*Exercise directions:*
Please give back the lines from the line containing "Collier avec pendentif" through the end of the listing below, exactly as written and without pictures.
[[ Data provided open ]]
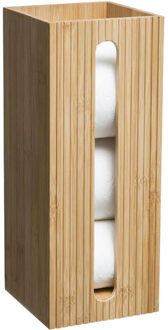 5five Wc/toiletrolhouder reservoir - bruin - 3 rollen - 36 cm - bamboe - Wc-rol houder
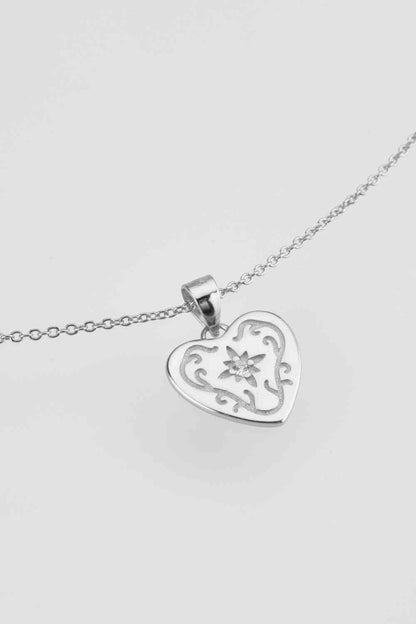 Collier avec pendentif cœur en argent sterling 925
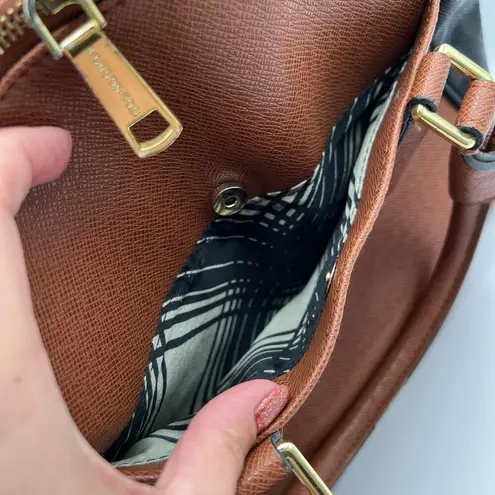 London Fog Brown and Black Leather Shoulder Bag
[[ Data provided closed ]]
*Solution to the problem:*
 Collier avec pendentif cœur en argent sterling 925
 London Fog Brown and Black Leather Shoulder Bag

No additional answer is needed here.